*YOUR OBJECTIVE:* Exclude the pictures. Transcribe exactly, and only, the lines from the one holding "OldTimer Gallery, Moscow" to the end of the material below.

---------- SOURCE DATA ----------

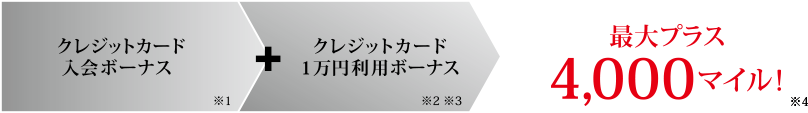 搭乗マイルボーナス 一般会員 / 搭乗マイルボーナス カード会員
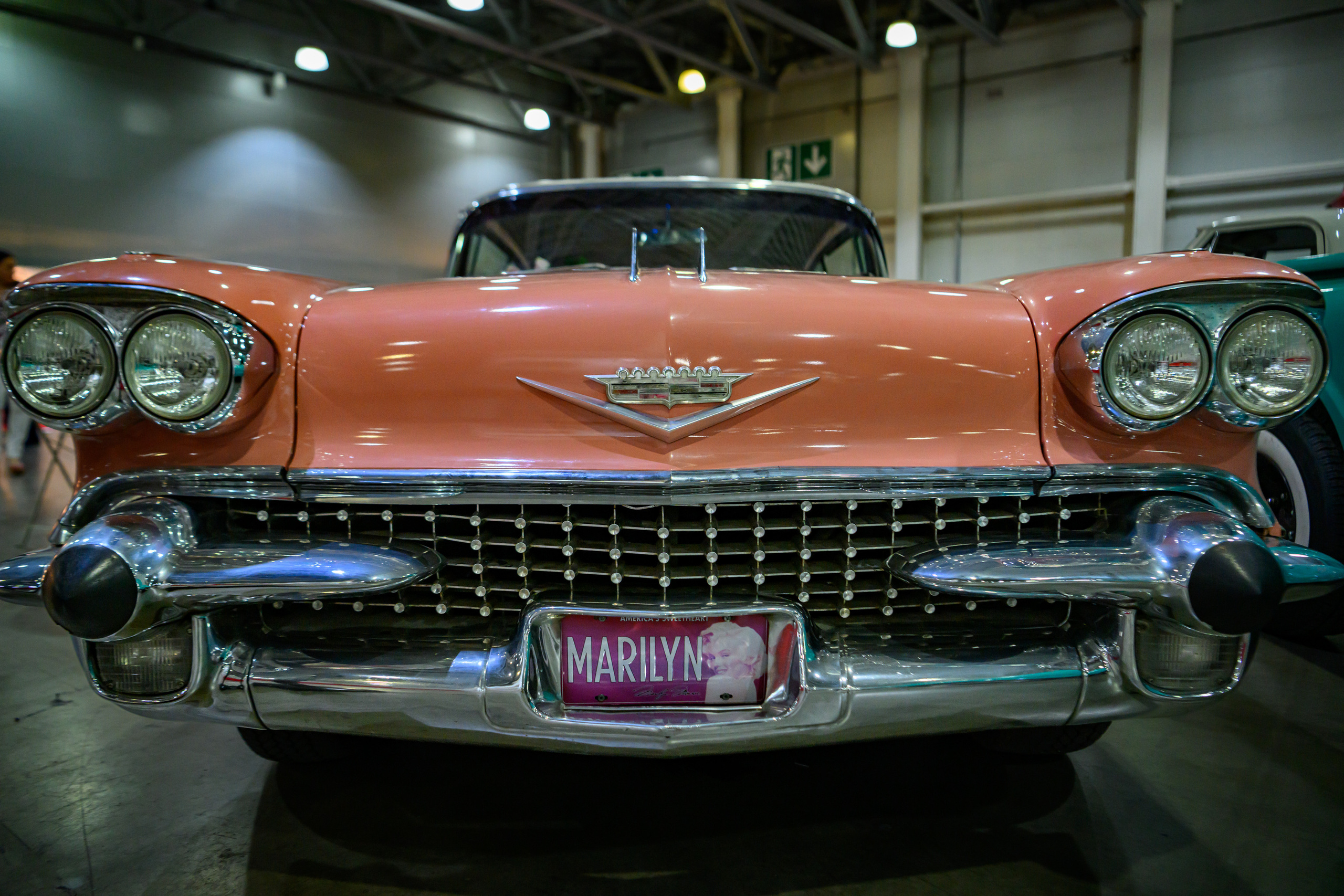 OldTimer Gallery, Moscow 2022. Wildlife photography by Sergey Puponin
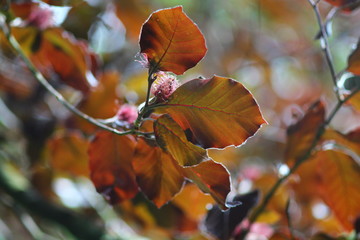 Copper beach  (Fagus sylvatica Purpurea) leaves on branches foliage. Spring nature background in red purple coloures.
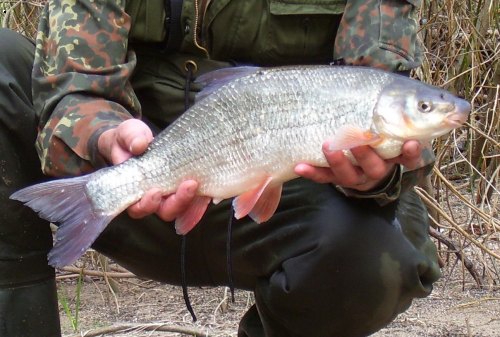 Ostroretka 56cm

----------

*REPLY TO THE EXERCISE:*
 OldTimer Gallery, Moscow 2022. Wildlife photography by Sergey Puponin
 Copper beach  (Fagus sylvatica Purpurea) leaves on branches foliage. Spring nature background in red purple coloures.
 Ostroretka 56cm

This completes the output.